Juniver: Tidak Ada Korupsi di Grand Indonesia
Justru, HIN diuntungkan secara komersial karena tidak kehilangan kompensasi
Penulis: Johnson Simanjuntak
TRIBUNNEWS.COM, JAKARTA - Kuasa hukum PT Grand Indonesia membantah terjadinya tindak pidana korupsi yang merugikan keuangan negara dalam pelaksanaan (built, operate, and transfer/BOT) antara PT Hotel Indonesia Natour (Persero) dan PT Cipta Karya Bumi Indah (CKBI)-PT Grand Indonesia (GI).

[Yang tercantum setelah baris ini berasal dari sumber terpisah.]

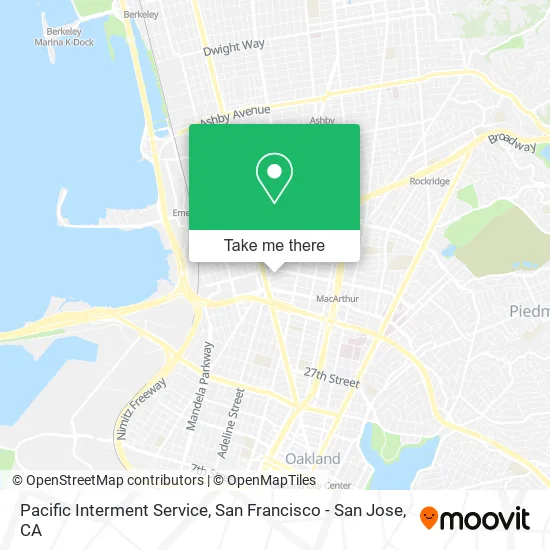 Pacific Interment Service map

"Kerjasama antara pihak HIN dan CKBI-Grand Indonesia yang dimulai pada 2004 itu telah melalui serangkaian proses formal yang sah dan transparan, serta dituangkan dalam perjanjian BOT yang ditandatangani oleh para pihak," kata kuasa hukum PT Grand Indonesia, Juniver Girsang dalam rilisnya, di Jakarta, Minggu (6/3/2016).
Juniver membantah tudingan bahwa pelaksanaan BOT ini merugikan negara Rp1,2 triliun akibat pembangunan Menara BCA dan Apartemen Kempinski.
Justru, katanya, HIN diuntungkan secara komersial karena tidak kehilangan kompensasi yang lebih besar dengan adanya dua bangunan tersebut.
HIN juga diuntungkan karena nilai bangunan yang diserahkan pada akhir masa BOT nanti (Tahun 2055) akan jauh lebih besar dari nilai seharusnya.
"Tanpa menambah masa konsesi penerima hak BOT dan tidak mengurangi besarnya kompensasi tahunan yang diterima HIN," ujarnya.
"Kerjasama ini merupakan wujud kemitraan strategis antara BUMN dan swasta yang didasari oleh iktikad baik dan tidak merugikan keuangan negara," kata Juniver.
Terkait dengan pembangunan gedung perkantoran Menara BCA dan apartemen Kempinski yang dianggap melanggar hukum karena tidak tercantum dalam perjanjian dan berpotensi merugikan keuangan negara, Juniver menjelaskan, anggapan itu keliru.
Menurutnya, gedung perkantoran dan apartemen itu termasuk dalam kategori bangunan-bangunan lainnya seperti tercantum dalam perjanjian BOT itu sendiri.
Juniver juga menegaskan, sampai saat ini, Grand Indonesia tidak pernah menjaminkan sertifikat Hak Pengelolaan (HPL) atas nama HIN ke lembaga keuangan manapun untuk memperoleh pendanaan, karena sertifikat HPL itu berada dalam penguasaan HIN.
Menurutnya, tidak sepatutnya perjanjian BOT antara para pihak yang merupakan domain perdata itu dipidanakan. Mengapa,karena kerjasama itu justru menguntungkan negara.
"Kami menghormati proses hukum yang dilakukan oleh Kejaksaan Agung. Namun, kami menganggap perkara ini merupakan domain perdata yang seharusnya tidak serta-merta menjadi perkara pidana. Ada baiknya Kejagung bersikap adil dan proporsional dalam perkara ini," katanya.
Menurut Juniver, kerjasama BOT itu justru menguntungkan negara. Grand Indonesia telah mengeluarkan total investasi Rp5,5 triliun dalam proyek ini.